Troupes ready for world stage
Updated: 2012-10-27 01:17
By Mu Qian (China Daily)
More shows from China will appear on the global stage in the near future, thanks to the 14th China Shanghai International Arts Festival Performing Arts Fair, which just concluded in Shanghai.
Among them, Shanghai Puppet Theater will perform at next year's Budapest Spring Festival, Shanghai Song and Dance Ensemble's dance work Heaven, Earth and Man will tour the Beiteddine Art Festival of Lebanon in 2014, and Green Snake by the National Theater of China will premiere at the Hong Kong Arts Festival in March.
A scene from the folk dance drama Zhou Xuan by the Shanghai Opera House. The drama is on stage at the 14th Shanghai International Arts Festival. [Provided to China Daily]
These are some of the results of the fair, which was attended by more than 400 representatives from more than 250 organizations from 36 countries — the biggest in its history. At least 118 programs achieved an initial intent of cooperation.
"We hope the fair will become one of the most professional in the Asia-Pacific region, and provide a platform for Chinese performing arts to enter the international markets," says Wang Jun, president of the Center for China Shanghai International Arts Festival.
The fair showcased 27 original works of Chinese performing arts, including music, dance, theater and traditional Chinese operas. Among them, Tan Dun's new work The Secret Songs of Women — Symphony for 12 Micro Films, Harp and Orchestra got an initial invitation to perform at 15 international festivals.

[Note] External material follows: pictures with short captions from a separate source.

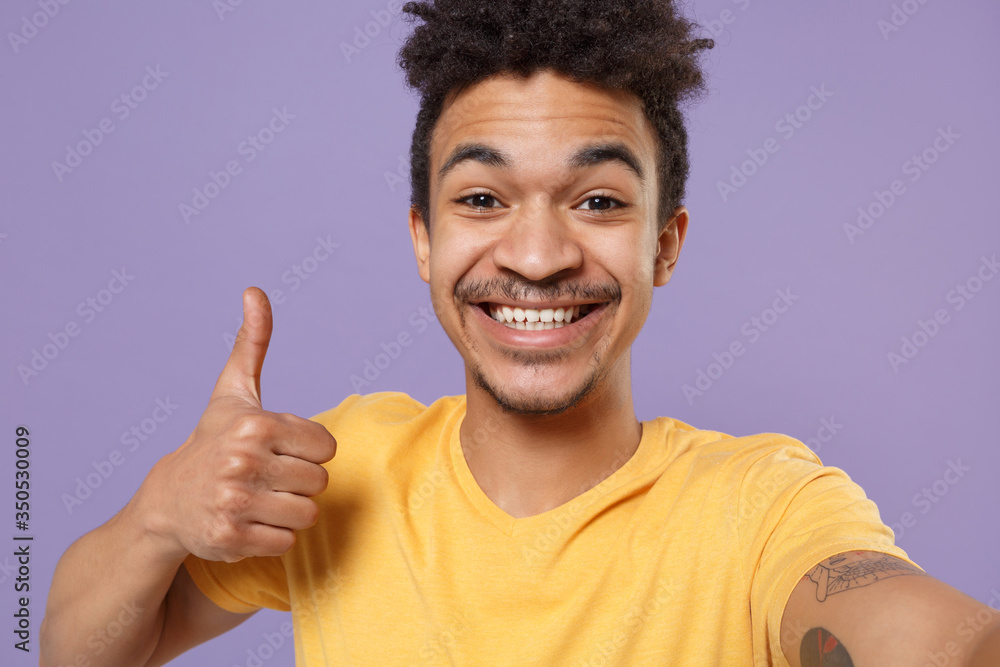 Close up of smiling young african american guy in casual yellow t-shirt posing isolated on pastel violet wall background. People lifestyle concept. Doing selfie shot on mobile phone, showing thumb up. Close up of smiling young african american guy in casual yellow t-shirt posing isolated on pastel violet wall background. People lifestyle concept. Doing selfie shot on mobile phone, showing thumb up.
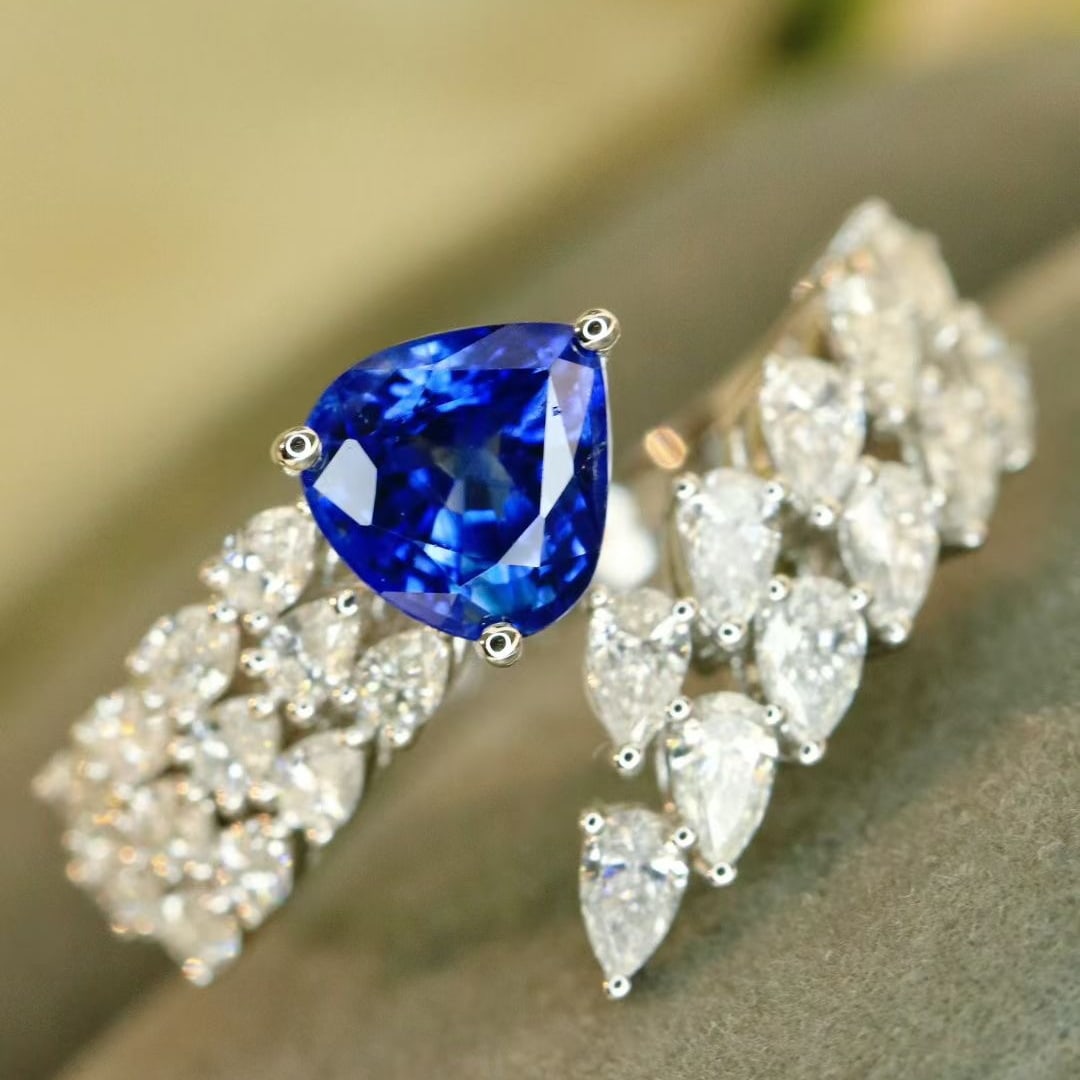 14k Gold 2.98 Ctw Natural Sapphire & Diamond Ring: Ref:231017149 // gold content:14k gold // ring size:7. 25us // // main gemstone:sapphire // shape:pear // carat weight:1. 75ct // color:cornflower blue // treatment:natural // // adjacent gemstone 2
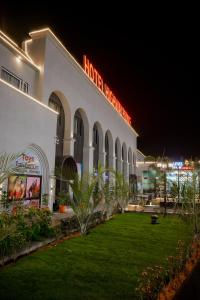 een hotel met een gazon ervoor 's nachts bij Hotel Highway Prince Behror in Behror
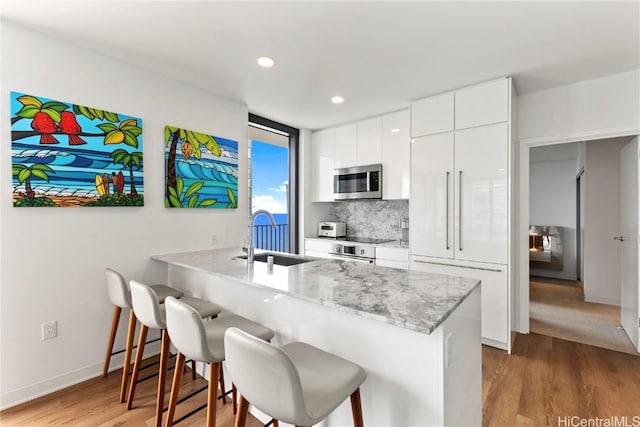 kitchen featuring stainless steel appliances, white cabinets, a sink, a peninsula, and a kitchen bar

However, many participants of the fair agree that there are still many obstacles for Chinese performing arts to enter international markets, and there's a long way to go for Chinese artists and arts administrators.
"Unlike performing arts coming from other Western cultures, one cannot assume that either the festival directors or audiences in the United States will have any knowledge or familiarity with Chinese performing arts genres, history, language, literature or themes," says Cathy Barbash, an American consultant in Chinese performing arts and cultural policy who is currently working on an agreement between Philadelphia Orchestra and the National Center for the Performing Arts of China.
"You are usually starting with zero recognition when attempting to book Chinese programs."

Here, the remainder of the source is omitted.